Thanks to machine learning, MaLARea is strongest on batches of many related problems with many redundant axioms where some of the problems are easy to solve and can be used for learning the axiom relevance. MaLARea is not very good when all problems are too difficult (nothing to learn from), or the problems (are few and) have nothing in common. Some of its techniques (selection by symbol and term-based similarity, model-based reasoning) could however make it even there slightly stronger than standard ATPs. MaLARea has a very good performance on the MPTP Challenge, which is a predecessor of the LTB division, and it is the winner of the 2008 MZR LTB category. MaLARea 0.4 came second in the 2012 MZR@Turing competition and solved most problems in the Assurance class.


Muscadet 4.5

Dominique Pastre
University Paris Descartes, France

Architecture

The Muscadet theorem prover is a knowledge-based system. It is based on Natural Deduction, following the terminology of [
Ble71] and [Pas78], and uses methods which resembles those used by humans. It is composed of an inference engine, which interprets and executes rules, and of one or several bases of facts, which are the internal representation of "theorems to be proved". Rules are either universal and put into the system, or built by the system itself by metarules from data (definitions and lemmas). Rules may add new hypotheses, modify the conclusion, create objects, split theorems into two or more subtheorems or build new rules which are local for a (sub-)theorem.

Strategies

There are specific strategies for existential, universal, conjunctive or disjunctive hypotheses and conclusions, and equalities. Functional symbols may be used, but an automatic creation of intermediate objects allows deep subformulae to be flattened and treated as if the concepts were defined by predicate symbols. The successive steps of a proof may be forward deduction (deduce new hypotheses from old ones), backward deduction (replace the conclusion by a new one), refutation (only if the conclusion is a negation), search for objects satisfying the conclusion or dynamic building of new rules.

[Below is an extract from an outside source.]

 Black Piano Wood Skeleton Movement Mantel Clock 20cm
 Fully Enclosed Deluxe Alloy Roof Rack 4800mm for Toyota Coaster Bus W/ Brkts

The system is also able to work with second order statements. It may also receive knowledge and know-how for a specific domain from a human user; see [Pas89] and [Pas93]. These two possibilities are not used while working with the TPTP Library.

Implementation

Muscadet [Pas01] is implemented in SWI-Prolog. Rules are written as more or less declarative Prolog clauses. Metarules are written as sets of Prolog clauses. The inference engine includes the Prolog interpreter and some procedural Prolog clauses. A theorem may be split into several subtheorems, structured as a tree with "and" and "or" nodes. All the proof search steps are memorized as facts including all the elements which will be necessary to extract later the useful steps (the name of the executed action or applied rule, the new facts added or rule dynamically built, the antecedents and a brief explanation).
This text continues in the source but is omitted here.